Assignment: An exact copy of the entries below is needed, with every picture left out.

Data listing:

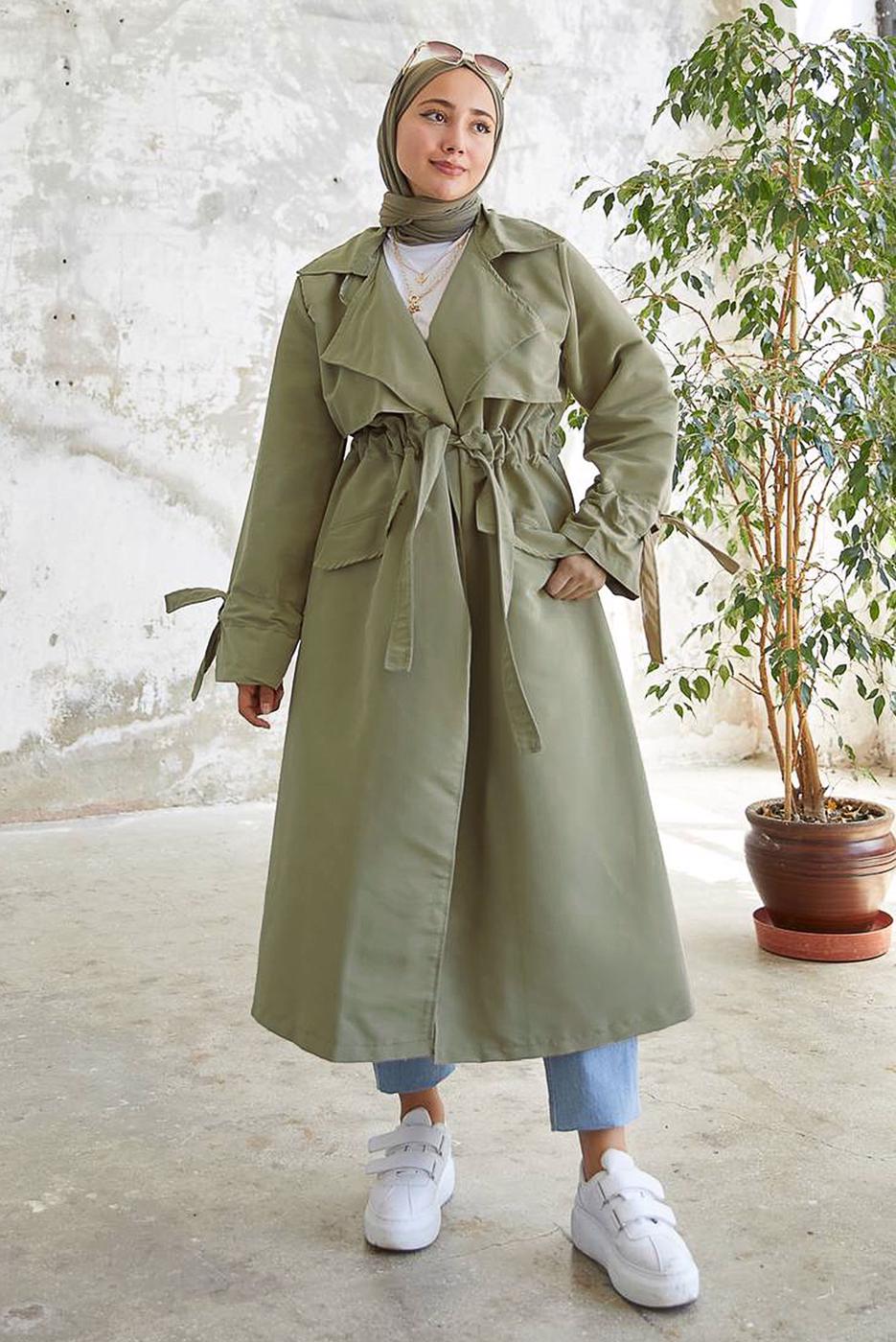 Hijab clothing KHAKI SMOCKING WAIST TRENCH COAT 60080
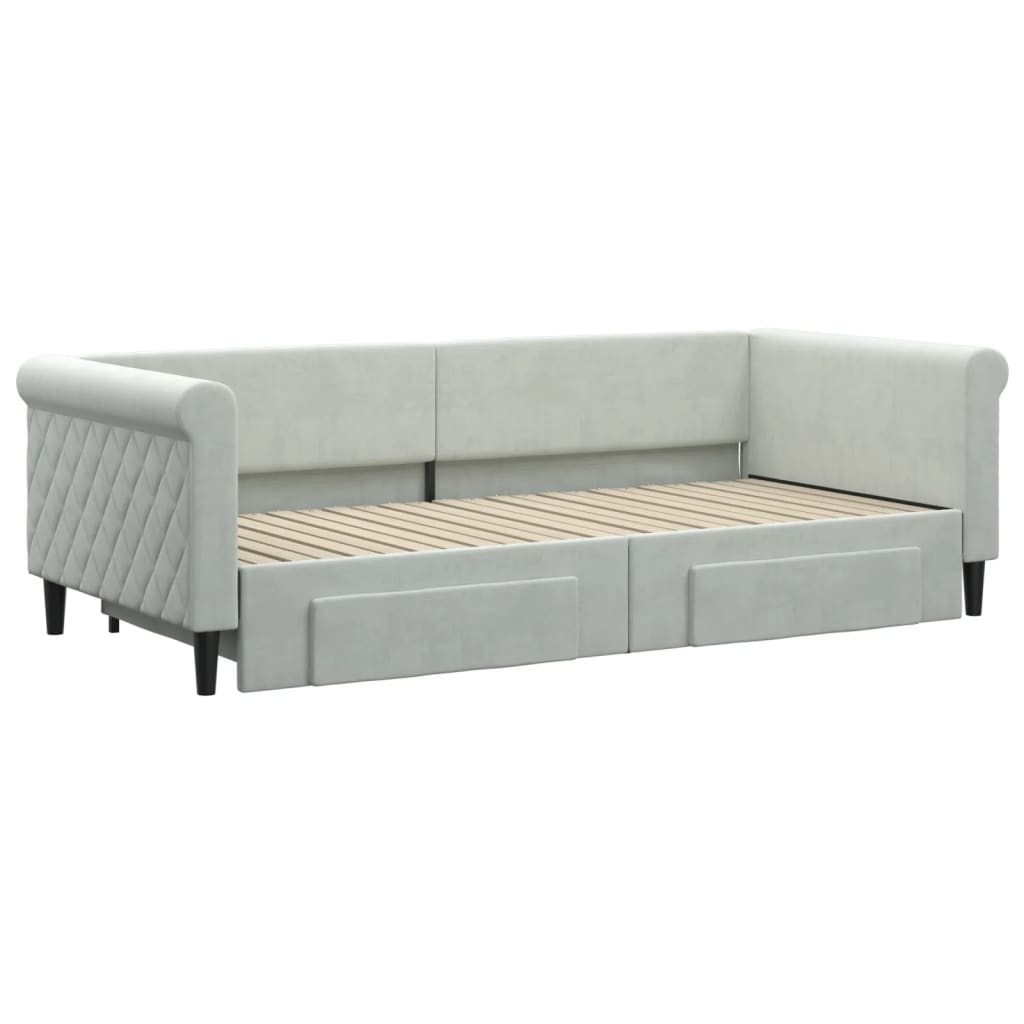 daybed med udtræk og skuffer 90x200 cm velour lysegrå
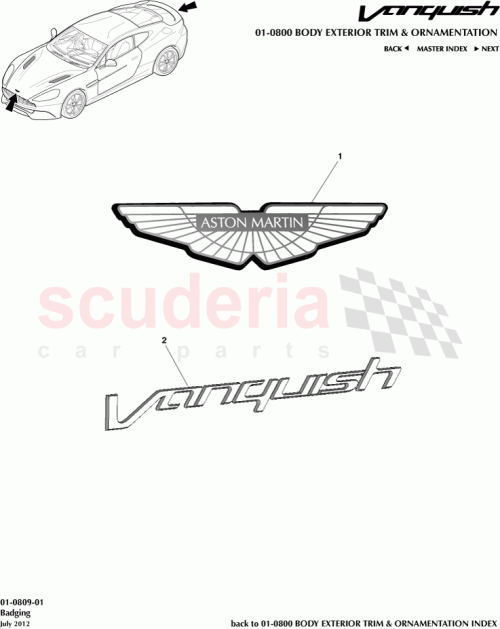Part Diagram for Aston Martin ED33-407A74-AA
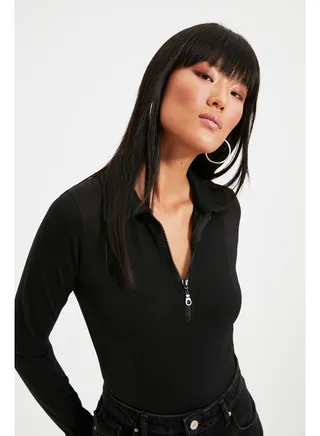 Black Zippered Polo Neck Fitted/Situated Flexible Snaps Knitted Body TWOAW21BD0066 
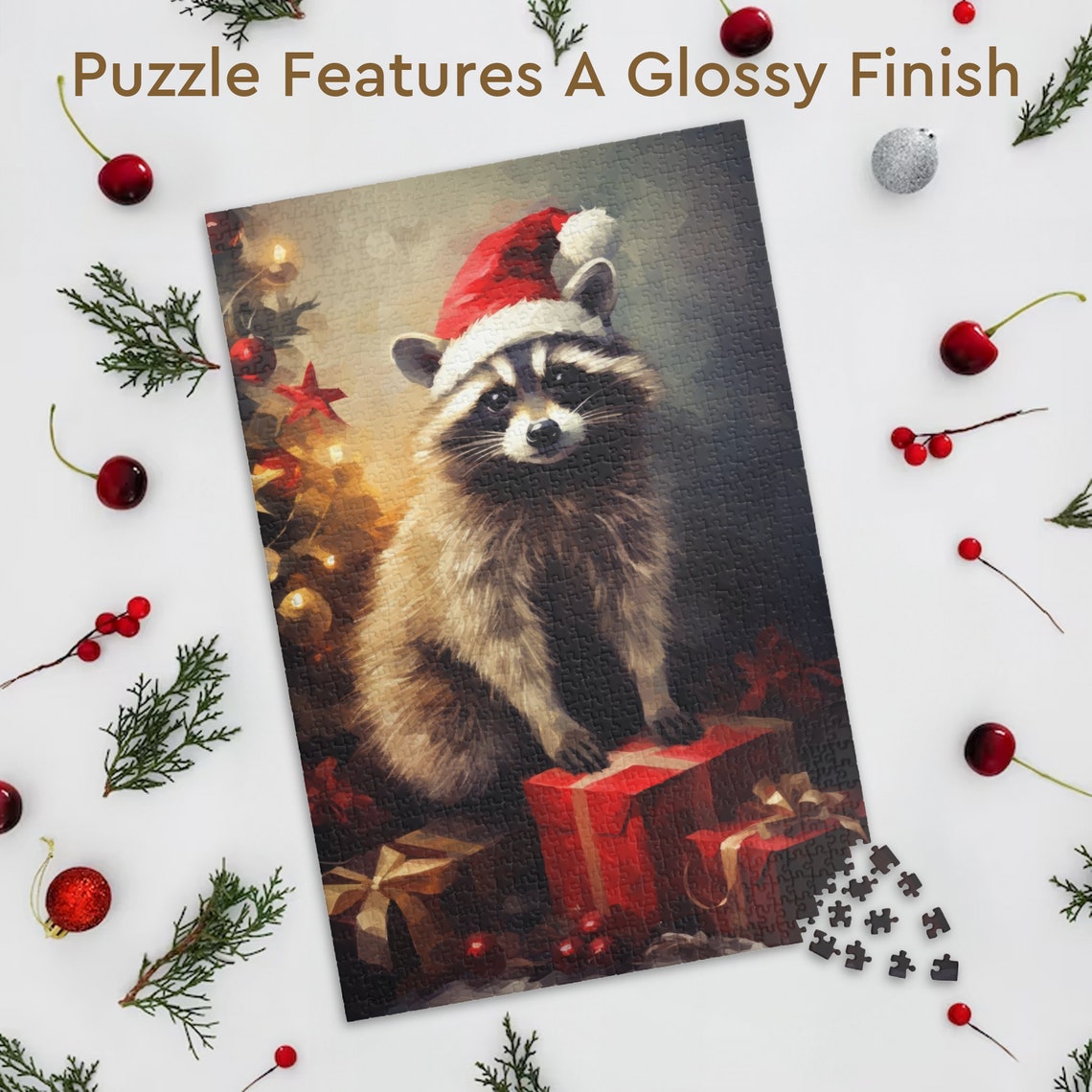 Raccoon Santa Hat Christmas Gifts Tree Holiday Jigsaw Puzzle Poster - Image 3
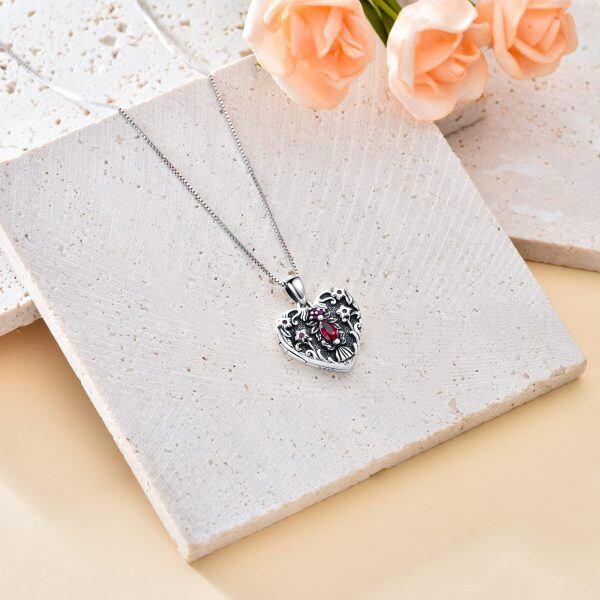 Sterling Silver Flower Heart Necklace-3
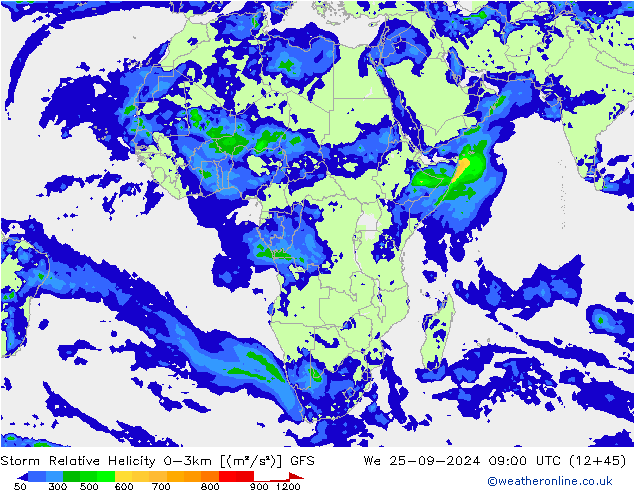 Storm Relative Helicity GFS We 25.09.2024 09 UTC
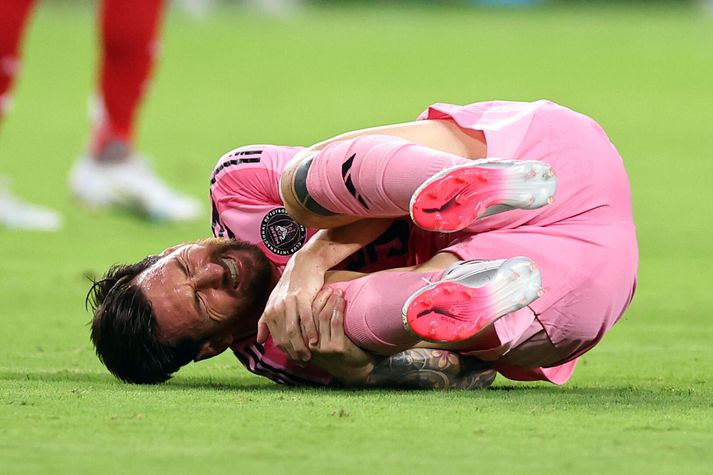 Lionel Messi er meiddur eftir að hafa tognað aftan í læri. Inter Miami tekur áhættuna á að mæta í leikinn í Púertó Ríkó án sinnar stærstu stjörnu.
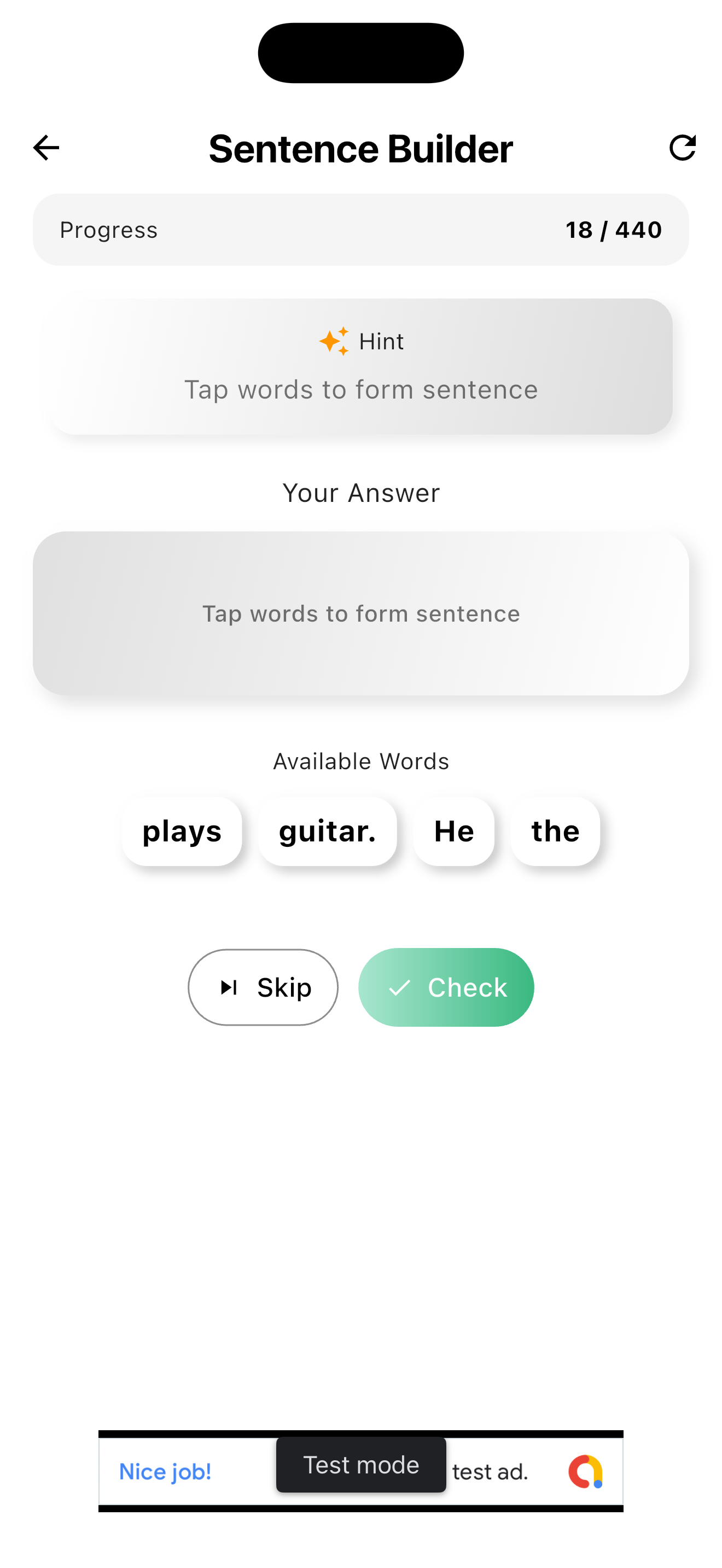Sentence Builder Game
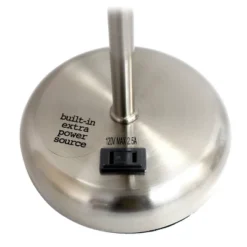 19.5" Bedside Power Outlet Base Metal Table Desk Lamp Brushed Steel With Fabric Shade Pink - Creekwood Home -Home Decor Shop GUEST e8f1469a 389e 4710 80a9 5cfd9151cc87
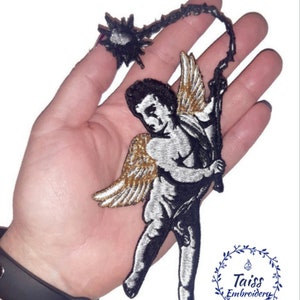 Angel golden wings, embroidered iron on patch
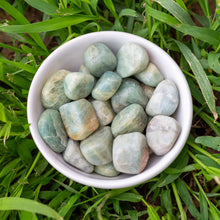 Load image into Gallery viewer, Tumbled Aquamarine in a white Bowl -Down To Earth
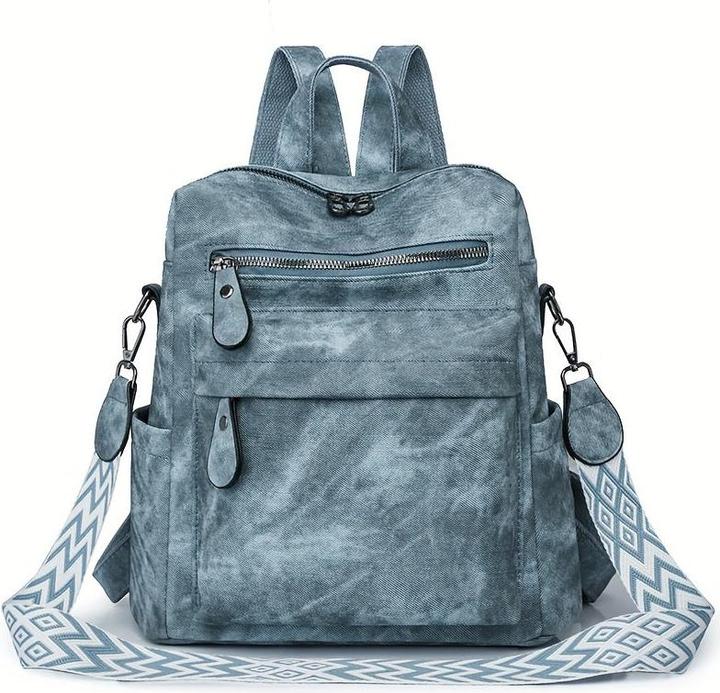 Only-Bags.Store Vintage Style PU-Leder-Rucksack mit böhmischen Riemen, grosse Kapazität, multifunktionale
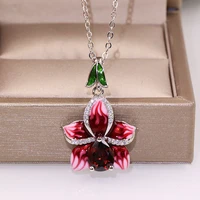new arrival pink epoxy flower with zircon stone silver color pendant long chian necklace choker for women fashion jewelry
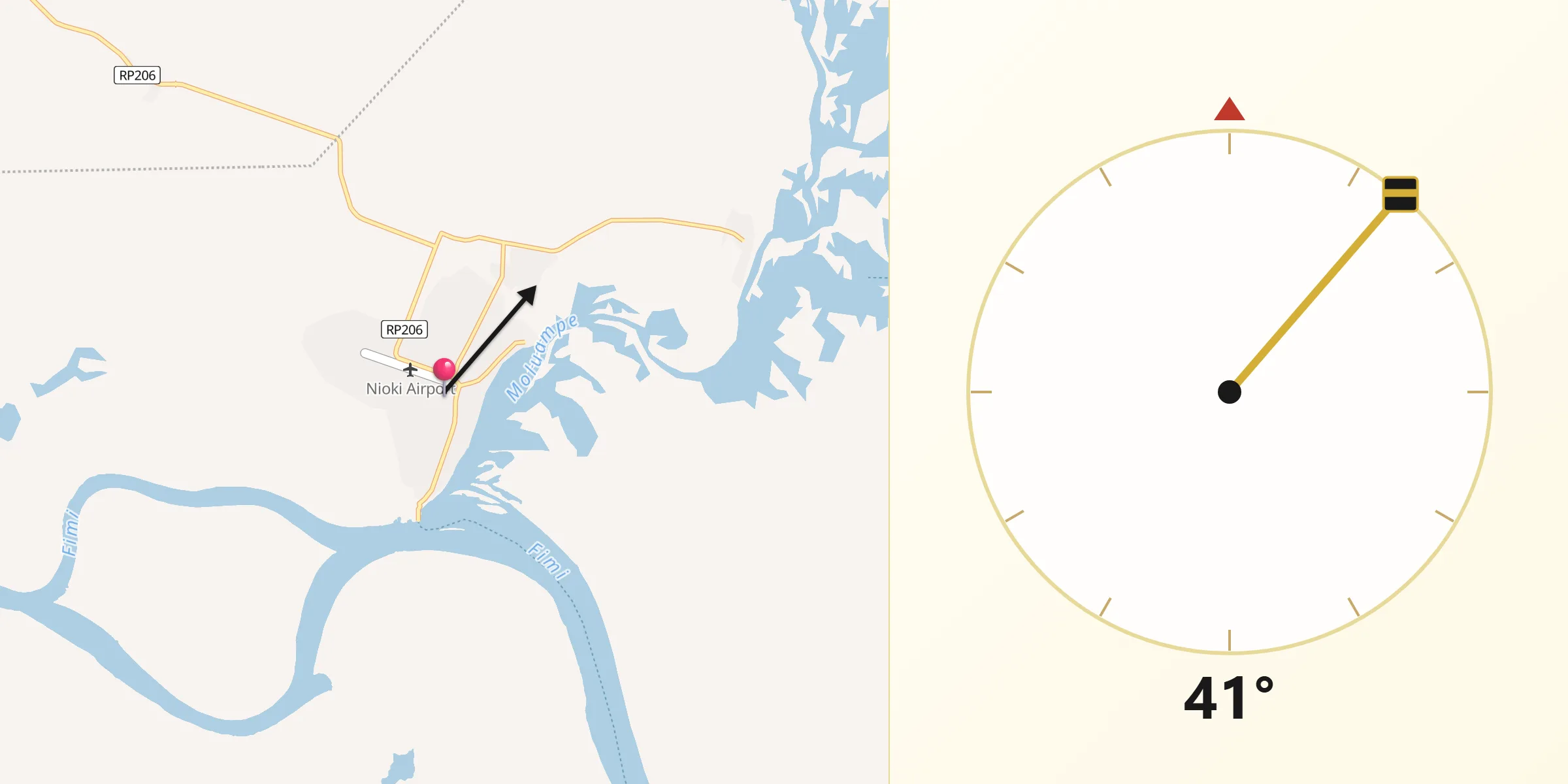 Direction vers la Qibla depuis Nioki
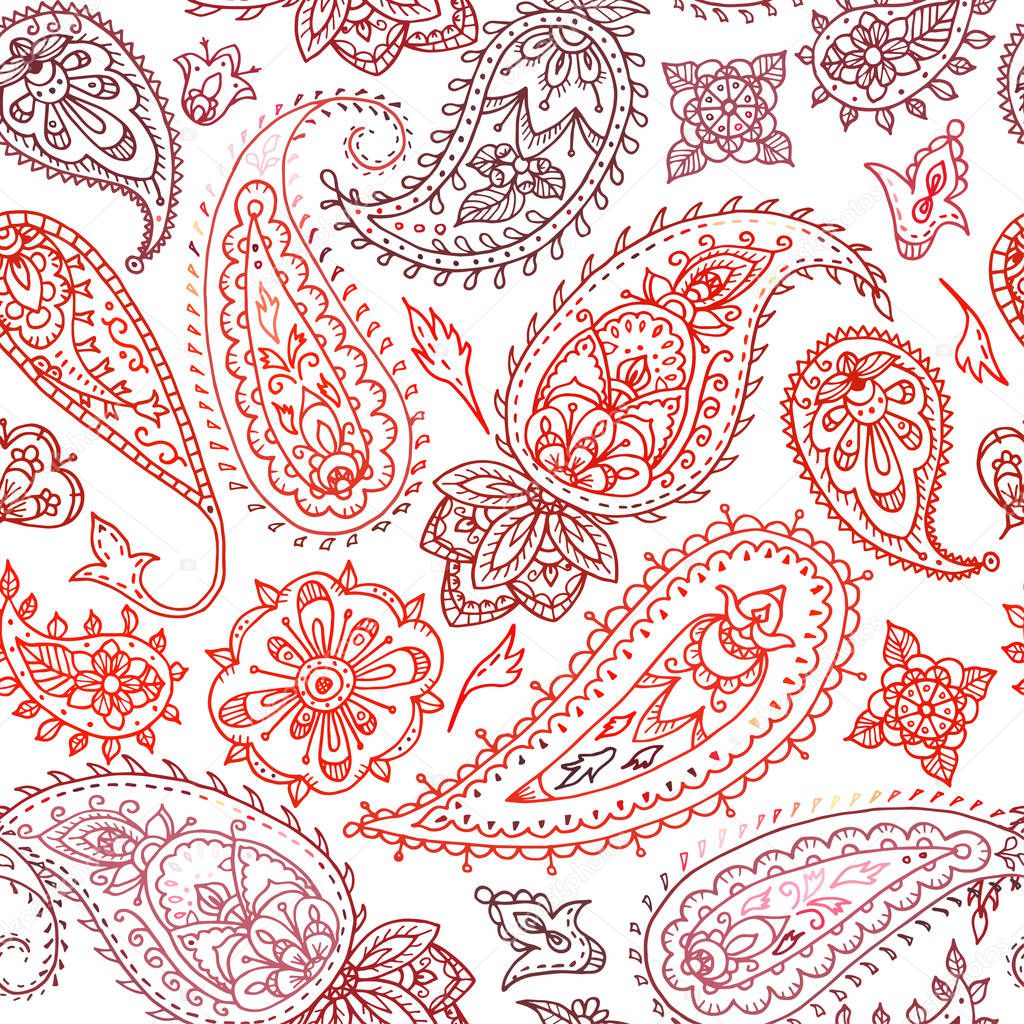 Seamless colourful indian floral paisley pattern, textile print.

Answer to the problem:
 Hijab clothing KHAKI SMOCKING WAIST TRENCH COAT 60080
 daybed med udtræk og skuffer 90x200 cm velour lysegrå
Part Diagram for Aston Martin ED33-407A74-AA
 Black Zippered Polo Neck Fitted/Situated Flexible Snaps Knitted Body TWOAW21BD0066 
 Raccoon Santa Hat Christmas Gifts Tree Holiday Jigsaw Puzzle Poster - Image 3
 Sterling Silver Flower Heart Necklace-3
 Storm Relative Helicity GFS We 25.09.2024 09 UTC
 Lionel Messi er meiddur eftir að hafa tognað aftan í læri. Inter Miami tekur áhættuna á að mæta í leikinn í Púertó Ríkó án sinnar stærstu stjörnu.
Sentence Builder Game
 19.5" Bedside Power Outlet Base Metal Table Desk Lamp Brushed Steel With Fabric Shade Pink - Creekwood Home -Home Decor Shop GUEST e8f1469a 389e 4710 80a9 5cfd9151cc87
 Angel golden wings, embroidered iron on patch
 Load image into Gallery viewer, Tumbled Aquamarine in a white Bowl -Down To Earth
 Only-Bags.Store Vintage Style PU-Leder-Rucksack mit böhmischen Riemen, grosse Kapazität, multifunktionale
new arrival pink epoxy flower with zircon stone silver color pendant long chian necklace choker for women fashion jewelry
 Direction vers la Qibla depuis Nioki
 Seamless colourful indian floral paisley pattern, textile print.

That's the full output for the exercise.